October 5, 2015, published in The Lane Report, Ky.’s Business Magazine
Louisville: Cyber sector contender–
Tech developments Could Make Louisville One of America’s Emerging Digital Cities
By Susan Gosselin
Louisville could be one of the nation’s emerging tech centers.
It might seem unlikely, given that Louisville Mayor Greg Fischer’s own Competitive City Update in 2013 ranked Louisville 11th among its 15 peer cities in percentage of the workforce with technology jobs. A spate of recent initiatives, however, are giving business and civic leaders the sense that Louisville could be ready to close that gap – quickly.
Dawn Yankeelov, President and Founder of Technology Association of Louisville KY
A feeling of momentum was tangible Aug. 20-21 at the city’s first TechFest, a semiannual conference and trade show that drew 300 registrants, 34 sponsors and 19 exhibitors downtown to discuss the future of tech innovation in the city. It was put on by the Technology Association of Louisville KY (TALK, talklou.com), a three-year-old group tied into the Technology Councils of North America (TECNA), which is a network dedicated to advocating for technology, local networking, identifying workforce talent, and professional education.
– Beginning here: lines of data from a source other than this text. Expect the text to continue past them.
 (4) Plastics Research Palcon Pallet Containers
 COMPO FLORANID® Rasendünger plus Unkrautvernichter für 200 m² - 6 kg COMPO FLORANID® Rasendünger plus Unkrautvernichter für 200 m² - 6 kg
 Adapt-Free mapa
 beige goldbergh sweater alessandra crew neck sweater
TALK founder and president Dawn Yankeelov, president of Prospect-based PR/marketing firm Aspectx, said she hopes events like TechFest will showcase how much tech is already brewing in Louisville and be a “big tent” the entire tech community can enter.
“The tech community here is quite broad. On one hand, you have a big selection of startups, and on the other, large tech companies like Zirmed and Genscape,” Yankeelov said. “Then you have incredible discoveries being made in the healthcare space, like Neuronetrix’s FDA-approved work to combat Alzheimer’s. And even our familiar market leaders, such as Humana and others in (Louisville’s) healthcare industry, are using mass analysis of population healthcare data to make care delivery more proactive and efficient.
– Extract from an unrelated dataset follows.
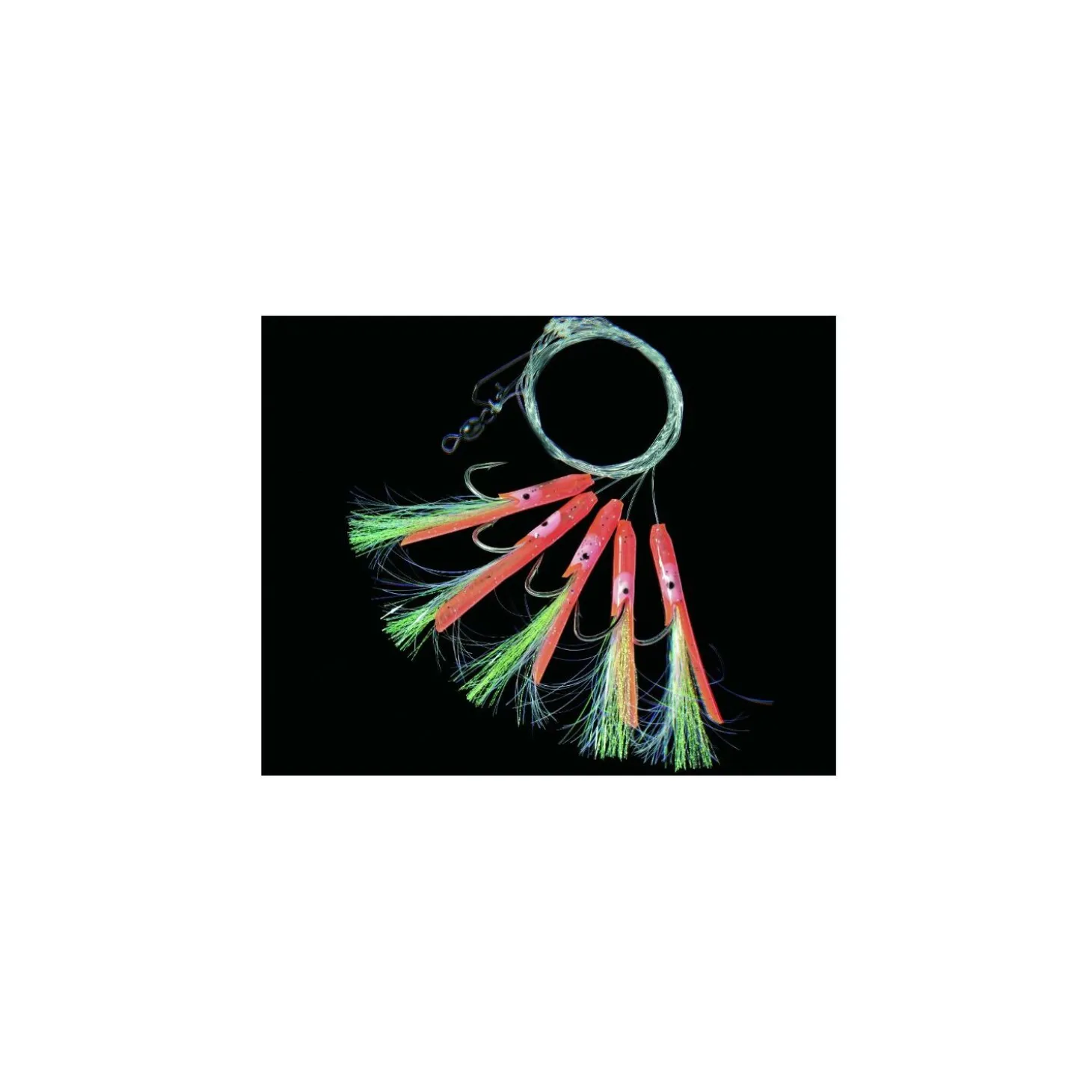 Dega Meeres-Vorfach 5 Arme Glitter-Fischli's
“They are great examples of where Louisville is going as a tech-driven community. TALK, and by extension TechFest,” she said, “gives us a chance to unify and encourage the tech community already developing here, and raise the flag for Louisville as an important Midwest outpost for Silicon Valley companies.”
KentuckyWired and Google Fiber
Mike Hayden, KentuckyWired program director
Some recent studies have ranked Kentucky dead last nationally in Internet connectivity. But the commonwealth soon could become one of the nation’s most wired states, thanks to the combination of the KentuckyWired initiative and the potential entry of Google Fiber to Louisville.
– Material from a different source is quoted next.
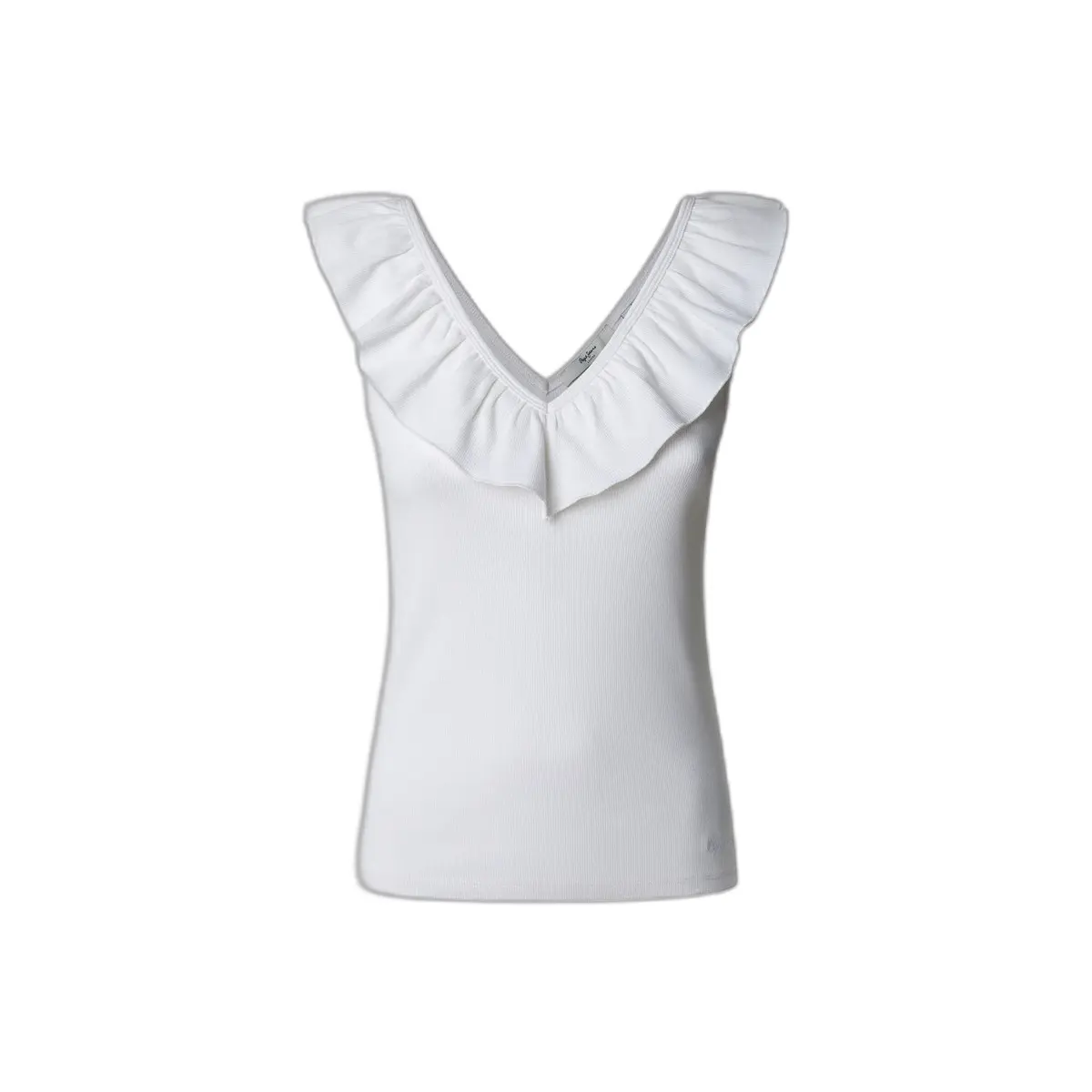 Pepe Jeans Women's White Tank Top Millie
KentuckyWired’s initiative will bring ultra-fast Internet speeds to every one of the state’s 120 counties with a $324 million optical fiber network, funded by $30 million in 30-year state bonds, $20.5 million in Appalachian Regional Commission funds and the rest from the equity market – Australian investment firm Macquarie Capital signed a public-private partnership deal to provide the rest of the money (see “Statewide Broadband By 2018,” The Lane Report, April 2015 bit.ly/1dodVuR).
Significantly for Louisville, the project will bring “lit” optical fiber into downtown from four routes: northern, eastern, western and southern.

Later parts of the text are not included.